1- Dosyadaki yazılara, kararın bozmaya uygun olmasına, delillerin takdirinde bir isabetsizlik bulunmamasına göre, davalı B..Oto Yan San.Tic.Ltd.Şti’nin aşağıdaki bendin kapsamı dışında kalan sair temyiz itirazlarının reddine,
2- Yerel mahkemece; uyulmasına karar verilen 10.12.2012 tarihli bozma ilamı sonrasında, yeni yargılama sırasında, davacı tarafından dava konusu olan maddi tazminat miktarı 17.05.2013 tarihli ıslah dilekçesiyle artırılmış ve ıslahen artırılmış miktar gözetilerek maddi tazminata karar verilmiştir.
Ne var ki varılan bu sonuç hatalı olmuştur. Yargıtay İçtihadı birleştirme büyük genel kurulunun 4.2.1948 gün 1944/10 E. 1948/3 K. Sayılı kararı uyarınca bozmadan sonra ıslah yapılması mümkün değildir. Hal böyle olunca da bozmadan sonraki yargılama aşamasında davacı tarafça yapılan ıslah işlemi dikkate alınarak maddi tazminata karar verilmesi usul ve yasaya aykırı olup bozma nedenidir.
Mahkemece bu maddi ve hukuki olgular gözönünde tutulmaksızın anılan içtihadı birleştirme kararına aykırı biçimde yazılı şekilde hüküm kurulması usul ve yasaya aykırı olup bozma nedenidir.
O halde, davalı B…Oto Yan San.Tic.Ltd.Şti’nin bu yönleri amaçlayan temyiz itirazları kabul edilmeli ve hüküm bozulmalıdır.
SONUÇ: Hükmün yukarıda açıklanan nedenlerle BOZULMASINA, 06.03.2014 gününde oyçokluğuyla karar verildi.

KARŞI OY

Davacı, davalıya ait işyerinde çalışmakta iken iş kazasına maruz kalıp yaralandığını iddia ile tazminat davası açmış, yapılan yargılama sırasında alınan kusur raporunda işverenin kusurunun olmadığının belirtilmesi üzerine davanın reddine karar verilmiştir.
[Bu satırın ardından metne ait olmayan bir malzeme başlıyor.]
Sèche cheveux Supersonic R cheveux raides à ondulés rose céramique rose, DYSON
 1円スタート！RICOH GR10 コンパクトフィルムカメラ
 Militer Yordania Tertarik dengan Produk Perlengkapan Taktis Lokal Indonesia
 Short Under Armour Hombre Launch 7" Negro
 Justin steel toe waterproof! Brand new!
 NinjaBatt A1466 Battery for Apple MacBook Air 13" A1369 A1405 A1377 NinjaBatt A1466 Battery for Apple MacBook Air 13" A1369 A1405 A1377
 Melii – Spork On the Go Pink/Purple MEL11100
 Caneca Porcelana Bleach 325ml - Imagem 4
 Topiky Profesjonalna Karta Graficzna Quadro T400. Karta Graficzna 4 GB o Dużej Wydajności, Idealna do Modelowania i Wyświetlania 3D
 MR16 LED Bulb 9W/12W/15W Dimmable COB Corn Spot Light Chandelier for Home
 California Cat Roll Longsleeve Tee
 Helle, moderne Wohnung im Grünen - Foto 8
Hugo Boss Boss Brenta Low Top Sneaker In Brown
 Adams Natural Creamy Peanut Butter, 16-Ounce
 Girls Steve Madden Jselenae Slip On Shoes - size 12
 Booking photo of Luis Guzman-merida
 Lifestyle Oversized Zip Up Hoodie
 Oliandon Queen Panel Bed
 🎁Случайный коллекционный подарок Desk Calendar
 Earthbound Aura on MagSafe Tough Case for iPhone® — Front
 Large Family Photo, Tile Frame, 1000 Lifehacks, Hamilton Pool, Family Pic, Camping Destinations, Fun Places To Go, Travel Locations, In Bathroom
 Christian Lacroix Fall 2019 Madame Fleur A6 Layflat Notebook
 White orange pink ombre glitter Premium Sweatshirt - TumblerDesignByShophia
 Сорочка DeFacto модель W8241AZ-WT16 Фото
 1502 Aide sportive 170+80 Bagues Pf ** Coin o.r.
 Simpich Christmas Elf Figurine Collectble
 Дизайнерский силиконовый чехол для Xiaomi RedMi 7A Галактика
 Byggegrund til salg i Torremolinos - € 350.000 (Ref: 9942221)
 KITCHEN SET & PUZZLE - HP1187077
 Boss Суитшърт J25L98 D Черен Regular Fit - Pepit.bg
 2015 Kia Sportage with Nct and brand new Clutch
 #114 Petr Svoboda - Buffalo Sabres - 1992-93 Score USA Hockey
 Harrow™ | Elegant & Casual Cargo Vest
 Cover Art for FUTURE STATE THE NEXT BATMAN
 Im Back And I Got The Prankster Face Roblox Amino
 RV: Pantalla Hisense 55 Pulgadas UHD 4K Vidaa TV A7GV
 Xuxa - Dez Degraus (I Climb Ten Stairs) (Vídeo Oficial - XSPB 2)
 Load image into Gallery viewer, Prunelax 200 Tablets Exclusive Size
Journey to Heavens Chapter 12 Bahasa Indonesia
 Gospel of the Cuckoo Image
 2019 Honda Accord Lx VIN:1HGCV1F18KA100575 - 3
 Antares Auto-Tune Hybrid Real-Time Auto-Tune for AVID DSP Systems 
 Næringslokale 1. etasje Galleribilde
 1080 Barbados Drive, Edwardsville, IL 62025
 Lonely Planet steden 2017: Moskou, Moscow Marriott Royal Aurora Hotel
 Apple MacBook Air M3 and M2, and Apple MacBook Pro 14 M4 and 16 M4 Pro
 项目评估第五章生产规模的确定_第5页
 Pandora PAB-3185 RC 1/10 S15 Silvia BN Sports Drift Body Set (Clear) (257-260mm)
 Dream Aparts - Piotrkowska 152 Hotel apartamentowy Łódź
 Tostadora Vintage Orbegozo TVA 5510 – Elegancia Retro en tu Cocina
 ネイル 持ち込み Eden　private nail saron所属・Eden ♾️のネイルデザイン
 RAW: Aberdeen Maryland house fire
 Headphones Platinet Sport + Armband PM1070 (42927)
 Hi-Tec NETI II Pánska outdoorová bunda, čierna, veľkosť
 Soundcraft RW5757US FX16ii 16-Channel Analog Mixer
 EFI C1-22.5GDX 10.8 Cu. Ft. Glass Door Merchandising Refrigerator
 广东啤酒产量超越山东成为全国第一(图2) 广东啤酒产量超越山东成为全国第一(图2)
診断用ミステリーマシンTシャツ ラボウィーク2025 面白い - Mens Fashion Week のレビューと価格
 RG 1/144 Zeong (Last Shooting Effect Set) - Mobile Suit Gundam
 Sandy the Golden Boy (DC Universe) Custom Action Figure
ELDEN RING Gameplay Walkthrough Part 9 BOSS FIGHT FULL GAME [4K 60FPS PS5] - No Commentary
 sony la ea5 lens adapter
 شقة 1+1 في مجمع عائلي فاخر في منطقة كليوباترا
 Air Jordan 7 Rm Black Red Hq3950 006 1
Kararın davacı yararına temyizi üzerine Dairemizce, davalı işverenin dava dışı vardiya amirinin kusurundan istihdam eden sıfatıyla sorumlu olacağı gerekçesi ile karar bozulmuş, Mahkemece bozmaya uyulup tazminatın tahsiline karar verilmiştir.
Karar davalı yanca temyiz edilmiş, Dairemizin çoğunlukta bulunan üyelerince İçtihadı Birleştirme Kararı uyarınca bozmadan sonra ıslah yapılamıyacağı gerekçesi ile kurulan hüküm bozulmuş ise de aşağıda belirtilecek gerekçe ile bozmaya iştirak edilmemiştir.
6100 sayılı Hukuk Muhakemeleri Kanunun 177. Maddesinde ıslahın tahkikatın sona ermesine kadar yapılabileceği 182. Maddede ıslahın davayı uzatmak veya karşı tarafı rahatsız etmek gibi kötü niyetli düşüncelerle yapılması durumumda Mahkeme’nin ıslahı dikkate almadan karar vereceği belirtilmiştir.
Mahkemece bozmadan önce yapılan tahkikat sırasında hesap bilirkişisinden rapor alınmadan karar verilmiş, bozma üzerine de hesap raporu alınmak ve davacının ıslah talebi gözönünde tutulmak suretiyle dosya karara bağlanmıştır. Bu durum karşısında davacının bozmandan önce davasını ıslah şansı olmadığı gibi davanın uzamasına kasten sebebiyet verme durumu da söz konusu değildir ve ayrıca davalının ıslah talebine karşı bir itirazı vaki olmamıştır. Davacının bu dosyada davasını ıslah etmesi suretiyle ek dava açmak veya hükmünden sonra bakiye alacağını isteme yoluyla gereksiz yere yargılamaya sebebiyet verilmesinin de önüne geçilmiştir.
Bozmadan sonra kurulan hükmü temyiz eden davalının ıslahın usulsüz olduğuna dair bir temyizi olmadığı gibi aksine ıslaha konu olan miktara ıslah tarihinden itibaren faiz yürütülmesinin gerektiğini belirtilmiştir. Bu durum davalının ıslah usulüne uygun olmasa bile mübdeabihin arttırılmasına muvafakatının olduğunu göstermektedir .
Müddeabihin artırılması Anayasa Mahkemesi’nin iptal kararı ve sonradan mevzuatta yapılan değişikliğe göre yapılabilmektedir. Çoğunluğun görüşüne dayanarak yaptığı içtihadı birleştirme kararı bu değişiklikten önce çıkmış olmakla ve yukarıda belirttiğim gerekçe ile olayımıza uygulanamayacağını düşünmekteyim.